Extracted information:
□ □ □ □
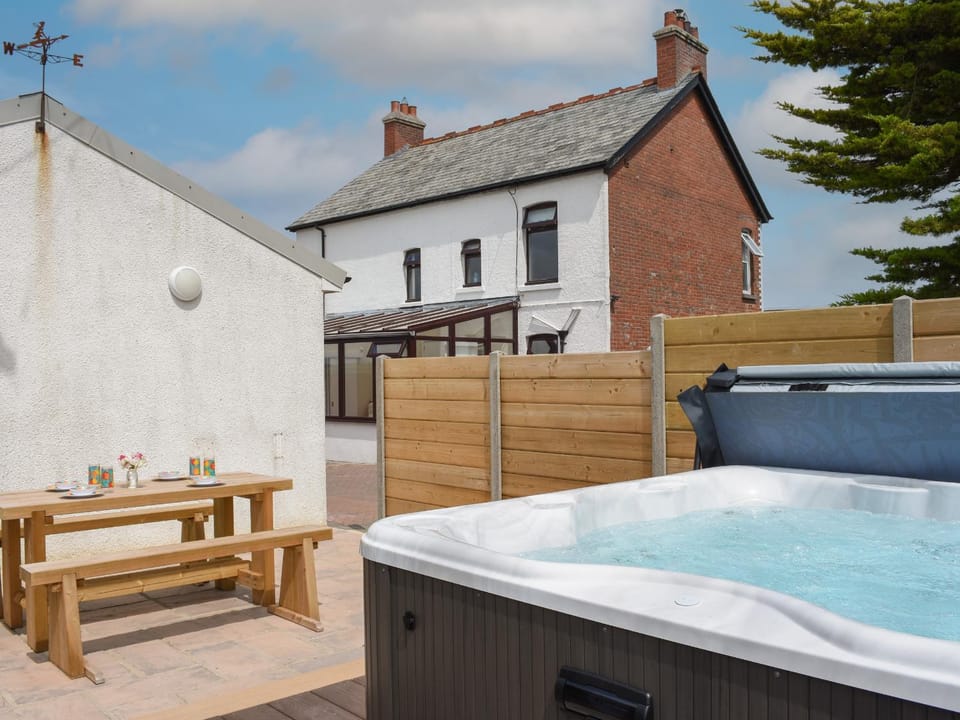 Silver Crooks House in Holsworthy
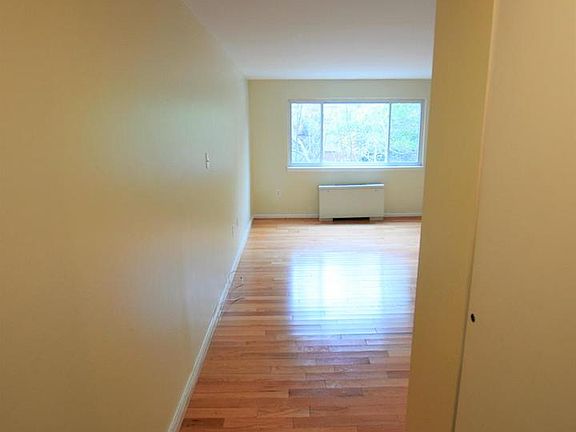 3rd image of 4555 Macarthur Blvd NW APT 103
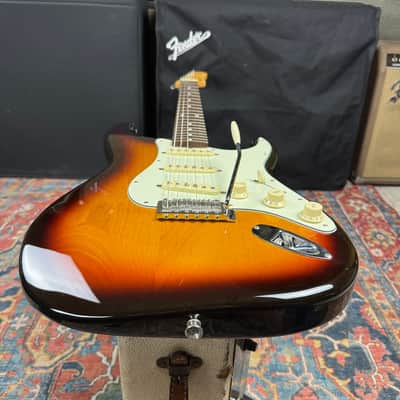 Fender Hybrid 60's Stratocaster w/USA Vintage '57-'62 Pickups - 2020 image 17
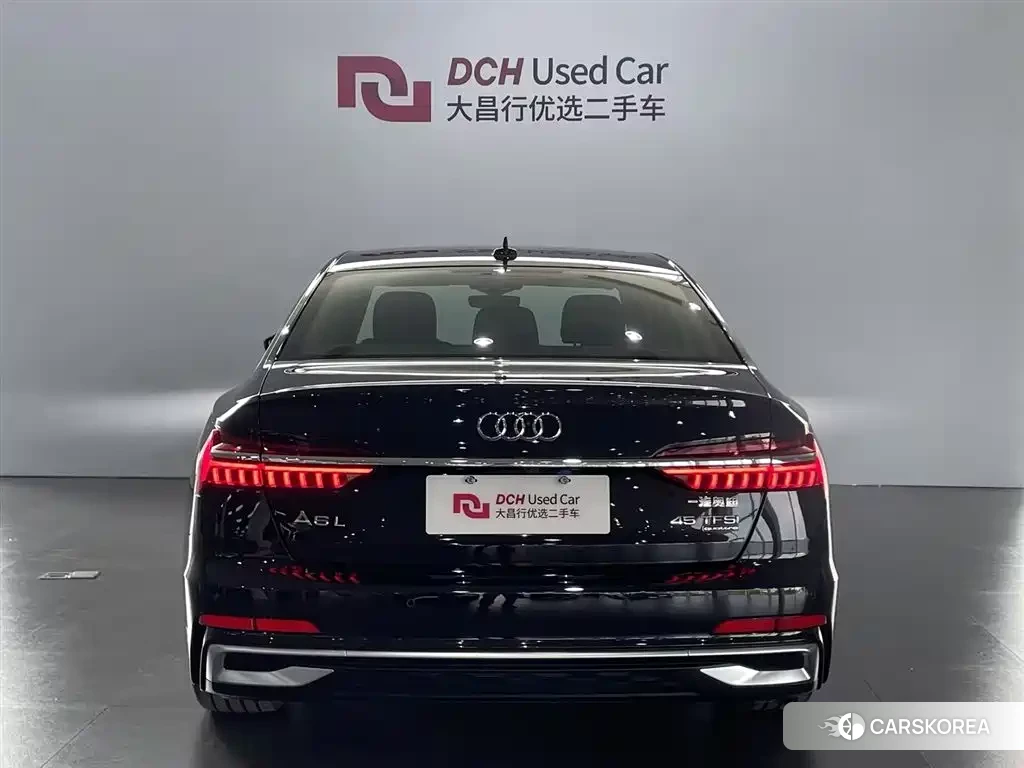 Audi A6L id 4515335 из Китая 17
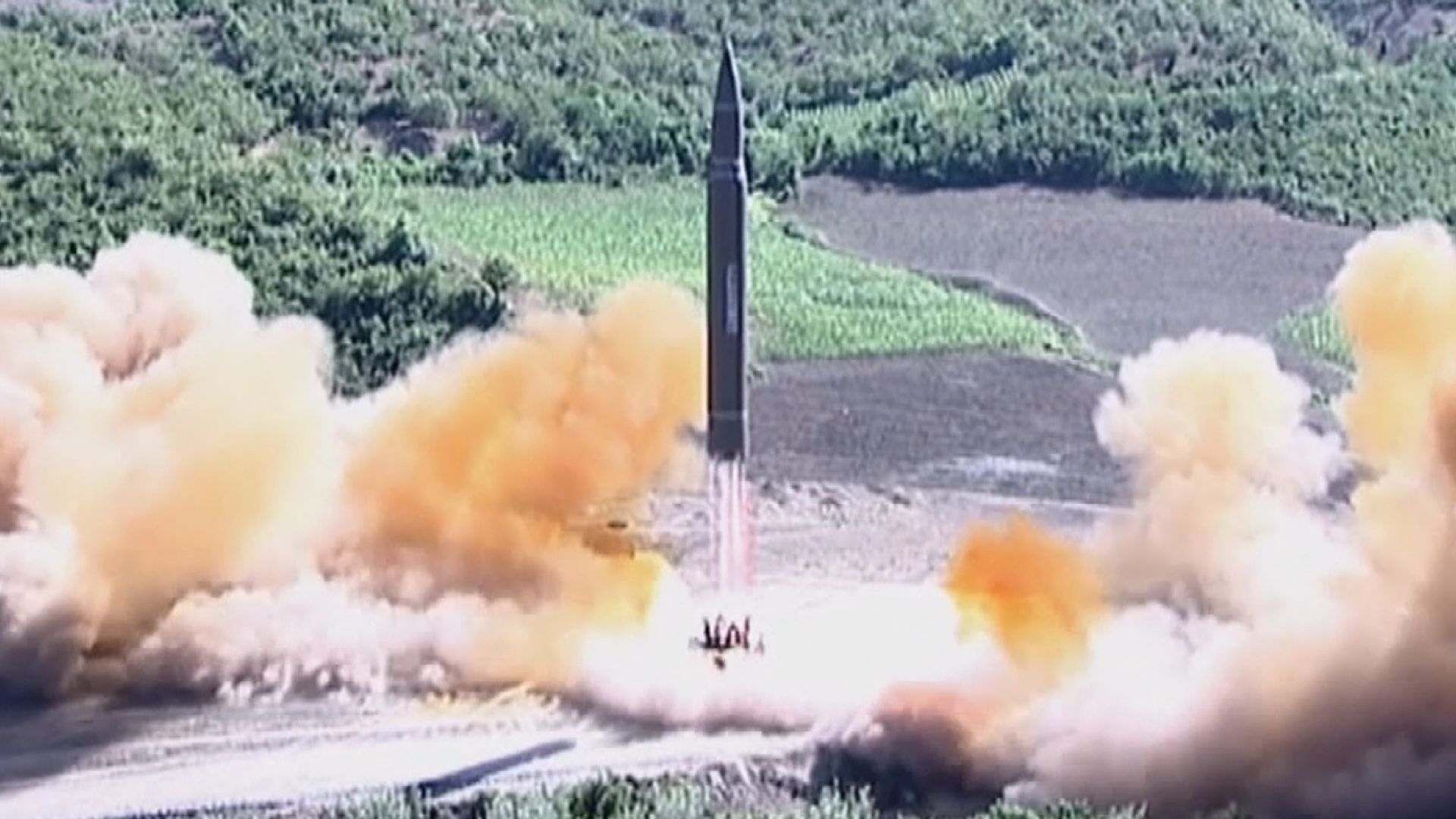 南韓指北韓發射三枚彈道導彈　其中一枚或為洲際彈道導彈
□ □ □ □
Problem to work on:
Every line from the one containing "3rd image of 4555 Macarthur Blvd NW APT 103" to the end of the material above is to be returned exactly, with the pictures left out.

Task answer:
 3rd image of 4555 Macarthur Blvd NW APT 103
 Fender Hybrid 60's Stratocaster w/USA Vintage '57-'62 Pickups - 2020 image 17
 Audi A6L id 4515335 из Китая 17
 南韓指北韓發射三枚彈道導彈　其中一枚或為洲際彈道導彈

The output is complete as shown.